Esse grupo, prosseguiu a denúncia do MPF, constituiu “verdadeira quadrilha criminosa, que lesou os cofres públicos entre os anos de 2003, por volta do mês de junho, até o mês de novembro de ano de 2007 (deflagração da fase ostensiva da investigação).” A ação definiu assim a atuação desse grupo:
“A societas delinquentium restou formada pela associação perene e estável de diversas pessoas, integrantes de diferentes núcleos estatais e diversas esferas privadas, no objetivo consciente e deliberado de perpetrar, continuadamente, sob diversas formas e com a máxima lucratividade possível, as condutas ímprobas apuradas em face da Administração Pública e do Erário.
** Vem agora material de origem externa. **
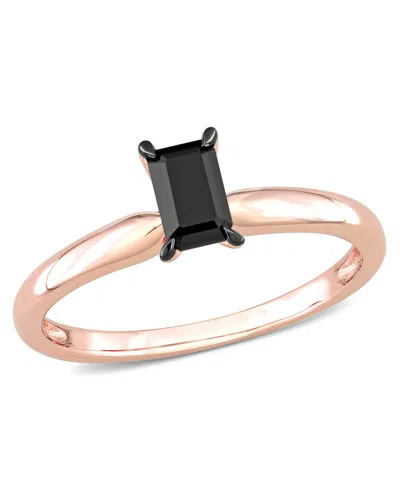 Macy's Emerald Cut Black Diamond Solitaire Engagement Ring (1/2 Ct. T.w.) In 14k Rose Gold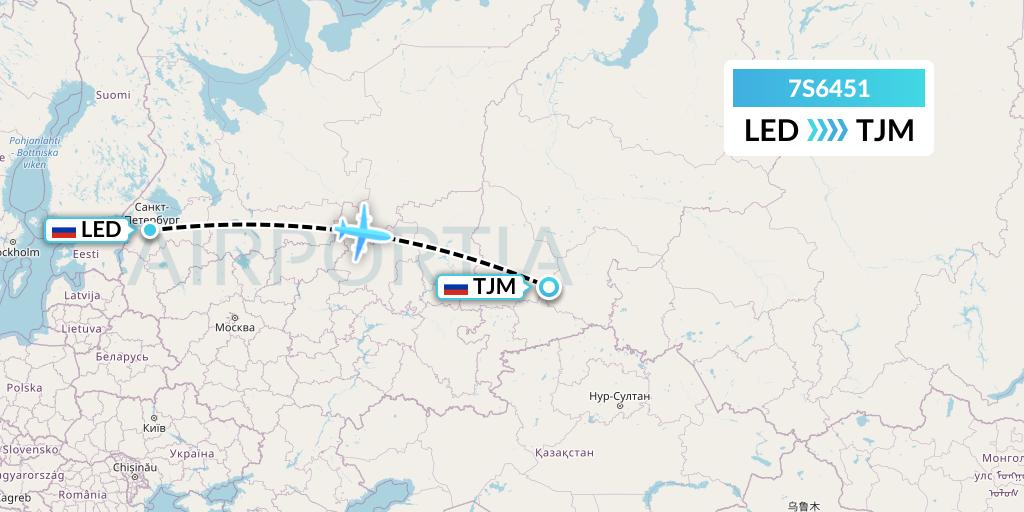 7S6451 Ryan Air (USA) Flight Map: St. Petersburg to Tyumen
O agir do grupo enquadra-se no conceito de organização criminosa da Lei n° 9.034/1995, estando presente a hierarquia da associação delitiva, o intuito lucrativo, gestão empresarial das negociatas criminosas, destruição de probas, omissão de rendimentos, corrupção do tecido social, inserção estatal ilegítima e blindagem patrimonial”.
“A organização criminosa era fortemente estruturada e sua atuação primordial voltava-se à obtenção e celebração de contratos públicos, mediante dispensa irregular de licitação em prol de fundações de apoio vinculadas à Universidade Federal de Santa Maria. (…) A quadrilha estabeleceu verdadeiro bureau do crime, utilizando-se, de forma fraudulenta, da possibilidade de dispensa de licitação para contratação de fundações de apoio, bem como de prestígios políticos de seus integrantes para o estabelecimento e manutenção dos intensos contatos com gestores públicos – para quem ‘vendiam’ a fraude e dos quais dependiam decisivamente para a consecução da sangria do Erário”.
Diante da gravidade da denúncia, da decisão do STF e das acusações feitas por José Otávio Germano aos agentes públicos que participaram dessa investigação, aguarda-se manifestação dos mesmos sobre a retomada ou não das investigações e sobre o futuro da ação como um todo.